“Ma quando vien lo sgelo”, canta Mimì. Intanto, dopo prove massacranti, s’è “sgelata” l’orchestra. In un tableau vivant

Elena Mosuc (Mimì)

TORRE DEL LAGO (Lucca), sabato 28 luglio ► (di Carla Maria Casanova) Corre una voce, a Torre del Lago: qui è come fosse il manico dell’ombrello. Anche se il cielo è procelloso, se a Viareggio diluvia, se la meteo annuncia temporali e pioggia, a Torre del Lago il cielo “gira”, si apre. Insomma, non piove. Per un teatro all’aperto, non è da poco.
L’ho sperimentato alla prova de “La Bohème”, terza opera in cartellone: le previsioni non davano speranze. Gli smartphone, consultati con apprensione, citavano irrevocabilmente acqua. Il cielo presentava nuvoloni plumbei. E due gocce sono anche arrivate. Due. Poi il cielo è “girato”, si è aperto.
Se la prova generale dell’opera è durata cinque ore e mezza, il motivo è un altro: l’orchestra e coro, che da anni collaborano con i complessi del Puccini Festival (tra poco impegnati, tra l’altro, nella trasferta in Finlandia, al Festival di Savonlinna), sono quelli del Teatro dell’Opera di Tblisi (Georgia) e i bravi professori si erano diligentemente preparati in patria, però ciascuno per conto proprio, sulla sua parte: insieme non avevano ancora provato.
Si sa che, in orchestra, quello che conta è suonare insieme. Il direttore Alberto Veronesi si è sentito mancare rendendosi conto del lavoro che gli si parava davanti per ottenere il risultato voluto o per lo meno accettabile. Eppure ce l’ha fatta, con un tour de force eroico. Forse anche aiutato dal particolare che “La Bohème” è una delle opere che ha nel cuore, non fosse che per l’afflato che si sprigiona da quelle note di Mimi, “ma quando vien lo sgelo, il primo sole è mio” (“Un momento di bellezza musicale indescrivibile,- dice Veronesi – che lascia senza fiato”).

Lana Kos (Musetta)

Ecco, da lì il miracolo si è compiuto anche con lo “sgelo” dell’orchestra, che ha imposto però prove massacranti.

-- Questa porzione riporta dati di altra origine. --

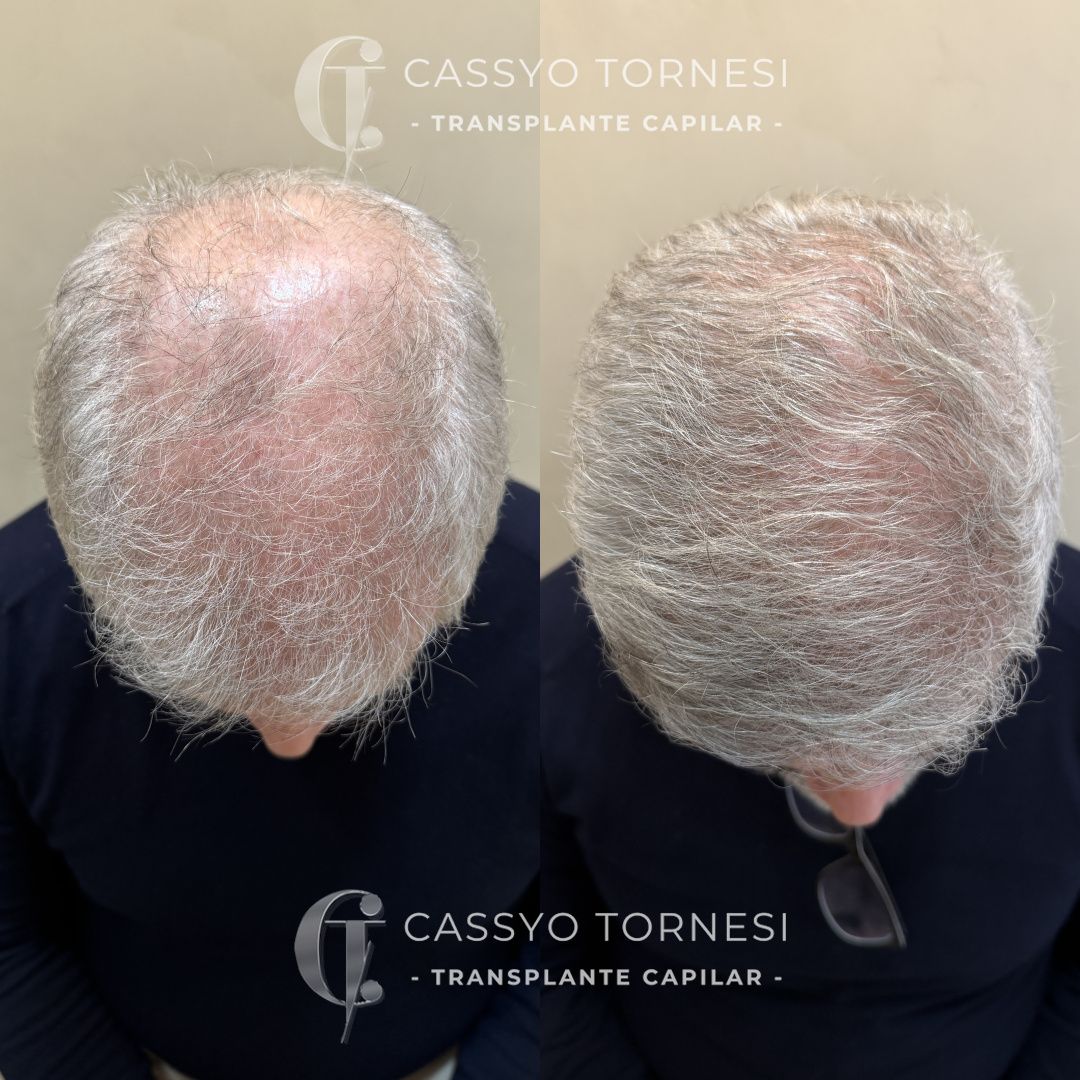 Cassyo Tornesi-27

Per Alfonso Signorini, regista dell’opera, la frase su cui puntare è stata un’altra: atto terzo: “Soli d’inverno è cosa da morire…ci lasceremo alla stagione dei fiori” si dicono i due amanti che, consci della prossima fine della loro storia, cercano qualsiasi scusa per farla durare ancora un po’. Ecco dunque una regìa incentrata sul rapporto strettissimo di questi giovani squattrinati e solitari, la cui profonda esigenza sta nella compartecipazione, nel bisogno di sentirsi uniti e amati.
Il lavoro di Signorini si allarga alla ambientazione dell’opera, nella Parigi metà Ottocento, quella inconfondibile degli Impressionisti. “Mi sono ispirato a questa pittura in modo a volte maniacale – dice il regista – nella ricerca dei tessuti, dei colori, della luce”. Con la collaborazione di Leila Fteita (scene e costumi) ne è uscito uno spettacolo splendido, un “tableau vivant” di eleganza sopraffina. Taglio scenico suggestivo, concentrato in un primo piano al centro del palco del Gran Teatro all’aperto, dominato dal fondale dei tetti di Parigi. In più, in cielo, la luna piena.
Ma questo è stato un regalo optional del Buon Dio.
Altri due regali inaspettati nel cast: la voce ampia e morbidissima del tenore  Francesco Demuro, ideale Rodolfo, e la sorpresa di Lana Kos (Musetta) prelevata dal cast di “Turandot”, dove già si era fatta notare come Liù. Graziosa trentenne croata con voce di bellissimo timbro e di sicuro istinto musicale è riuscita, come qualche rara volta accade, a polarizzare la presenza femminile oscurando persino la protagonista (Elena Mosuc). Un’ottima prova hanno dato anche Mauro Bonfanti (Marcello), Alexandar Stamatovic (Colline), Daniele Caputo (Schaunard).

Replica: 3 agosto (con nuovo cast). Il ricchissimo cartellone pucciniano prosegue con “Manon Lescaut” (in forma di concerto), “Madama Butterfly”, “Il Trittico”.